The power in Sandra Mendelsohn Rubin’s work at L.A. Louver Gallery is derived from several sources. First, and maybe even most enduring, is the artist’s formidable technical facility.

Rubin, who moved from Southern to Northern California in 1989, paints with precision, rendering textures, masses and light with veracity. She has successfully harnessed the power of illusion.

Second, she capitalizes on the powers of suggestion and surprise. In her still-life compositions, she brings together onto neutral ground objects that don’t relate in a conventional, logical way: bones, straight pins, eyeglasses, wooden matches and dice, for instance, or headphones and a wasp’s nest. The objects’ proximity implies a connection or relationship, maybe even a narrative, but Rubin lets us wander there on our own. Only in her series on color -- 12 small, chromatically keyed canvases -- does she assert some familiar coherence.

These varieties of power add up, but not synergistically.

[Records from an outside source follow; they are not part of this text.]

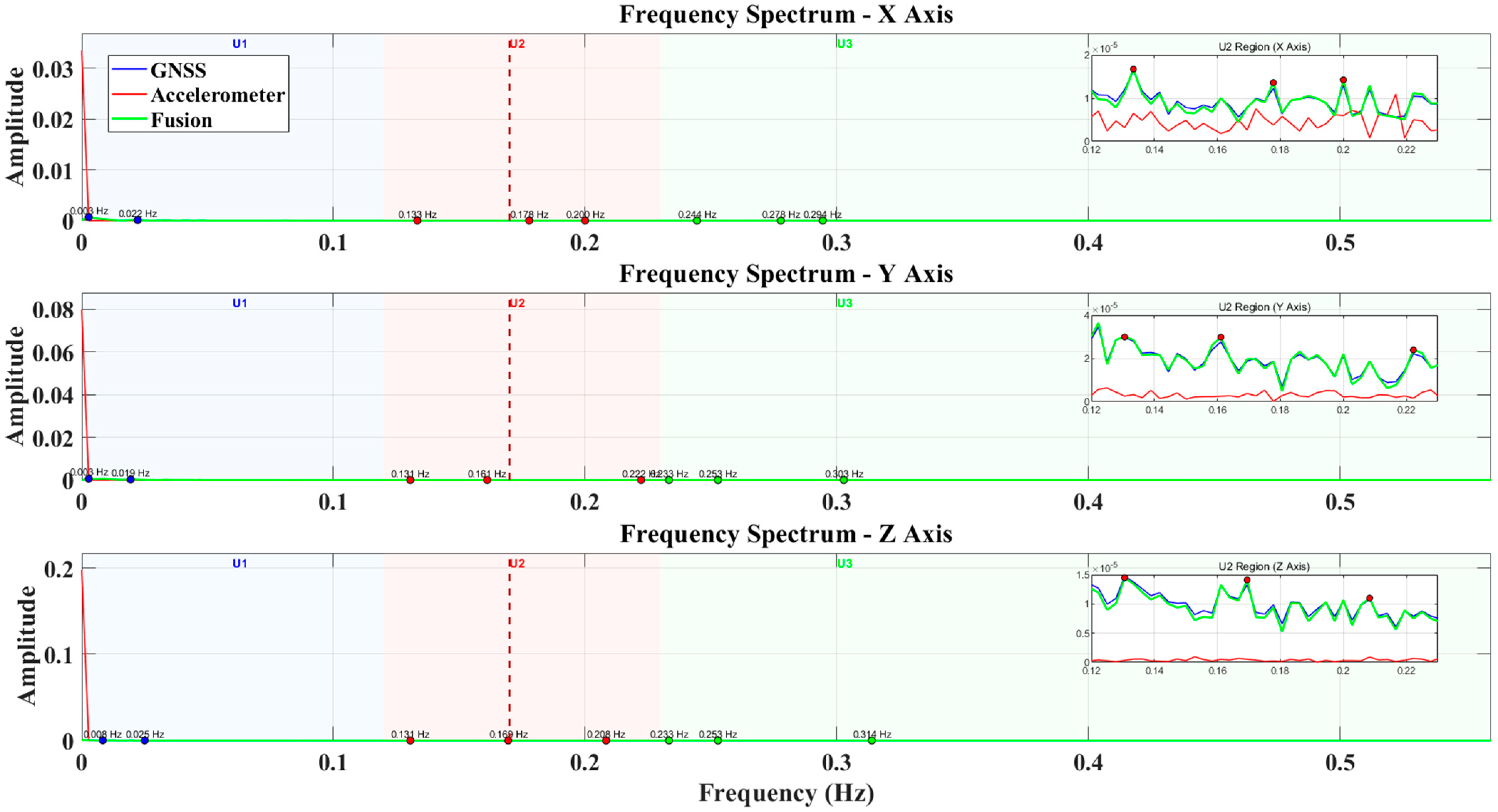Sensors 25 02659 g013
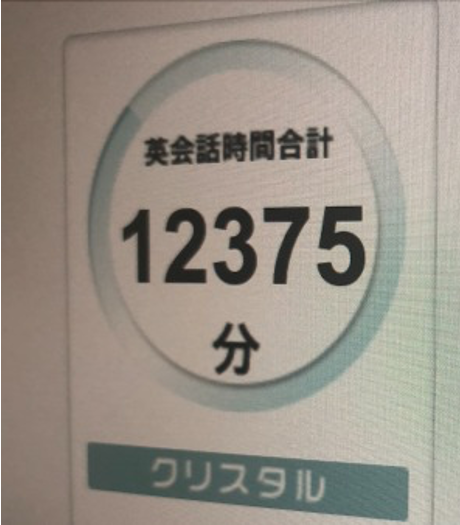 DMM英会話 受講実績 12,375分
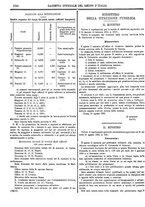 giornale/RAV0147726/1908/v.5/00000092
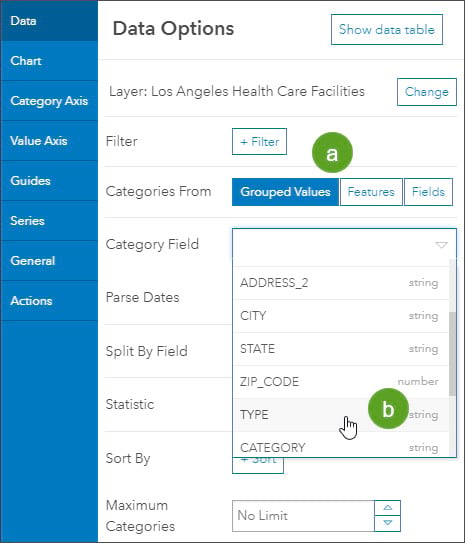 Create Your First Dashboard Using Arcgis Dashboards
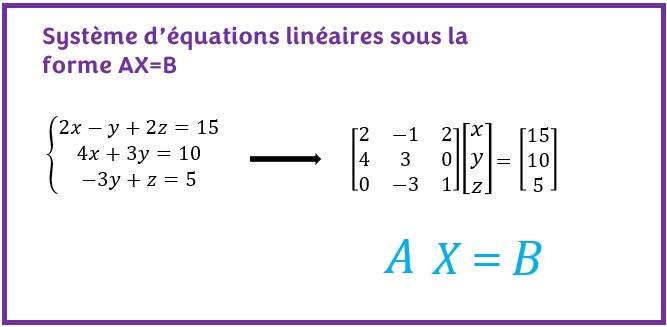 Système d'équations sous la forme AX=B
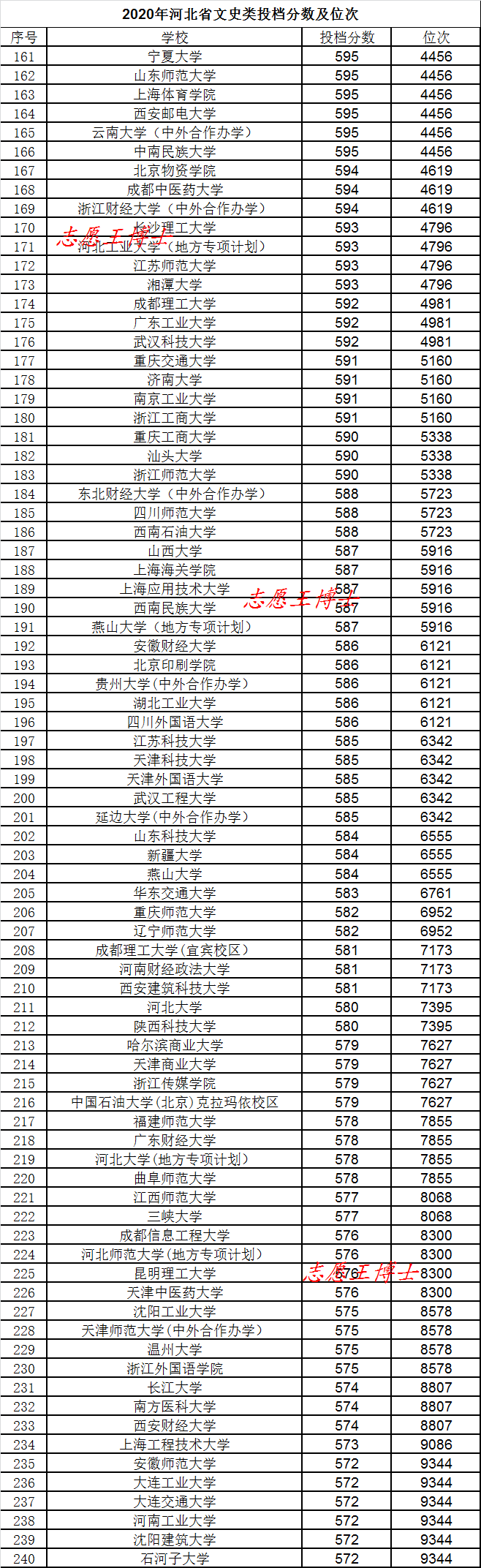 2020年河北高考本科院校录取分数排名(文史类1)省内院校的投档线显得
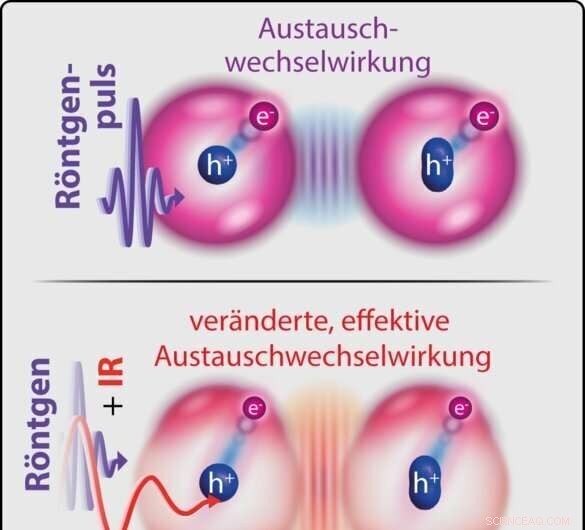 Intense Laser Light Alters Electron Pairing in Sulfur Hexafluoride: Insights into Quantum Control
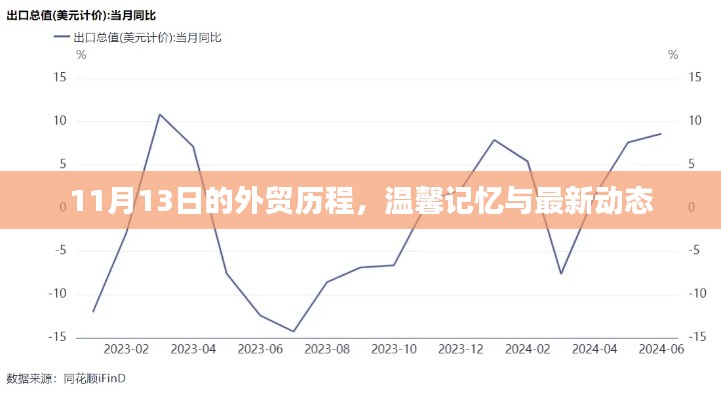 11月13日的外贸历程，温馨记忆与最新动态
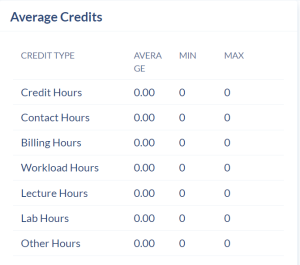 Reports Page. Average Credits area of the Instructor reports.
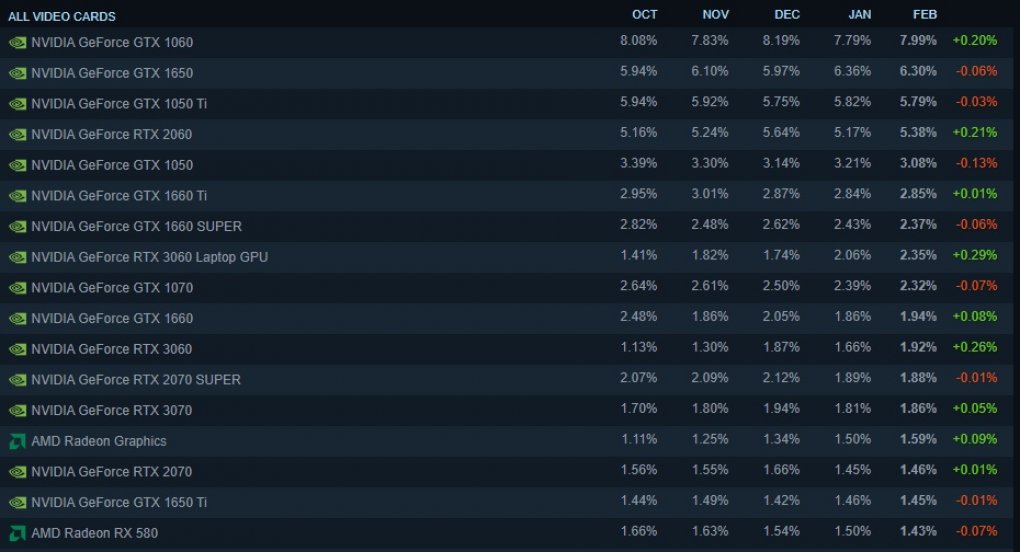 Die Ergebnisse der Hard- und Softwareumfrage auf Steam zu den Grafikkarten der Nutzer.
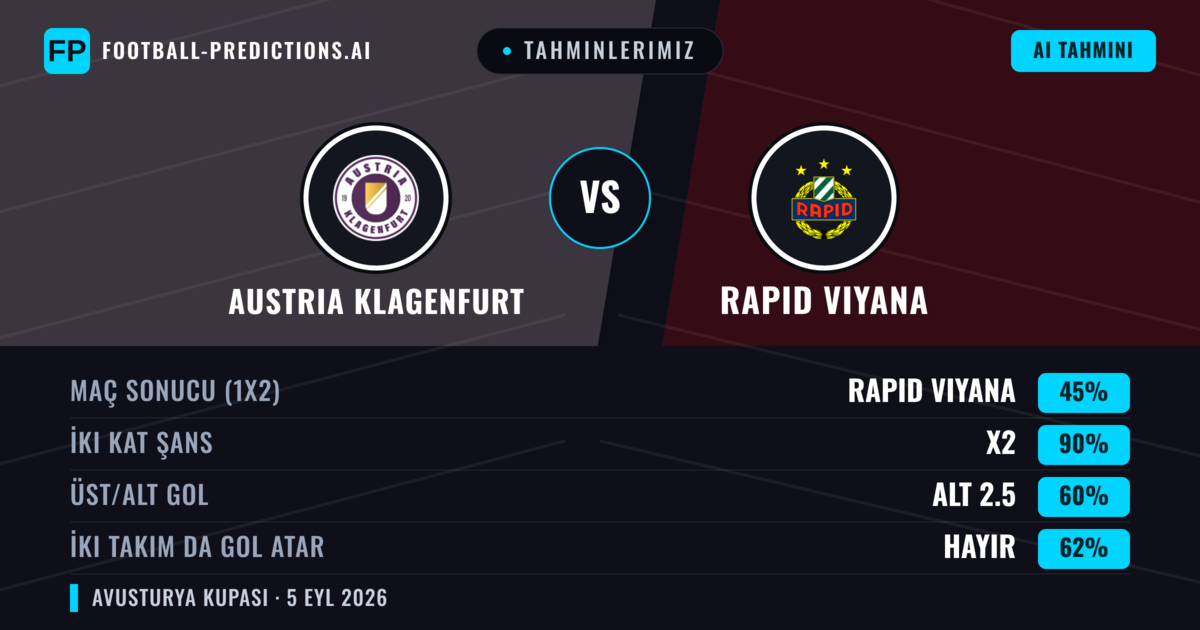Tahminlerimiz: Austria Klagenfurt vs Rapid Viyana — Beraberlik (45%); Alt 2.5; İki taraf da gol atar: Hayır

The energy in these paintings is safely (too safely) contained within their borders. They’re pristine, deliberate, seamless works. Playful elements crop up occasionally -- like the ketchup and mustard dispensers that serve as characters in one tabletop scene -- and violence and fragility arise as themes. (In one painting, a sledgehammer is paired with smashed light bulbs.) But control always wins out. The tone of these paintings overall feels emotionally muted, in spite of the power of Rubin’s brush.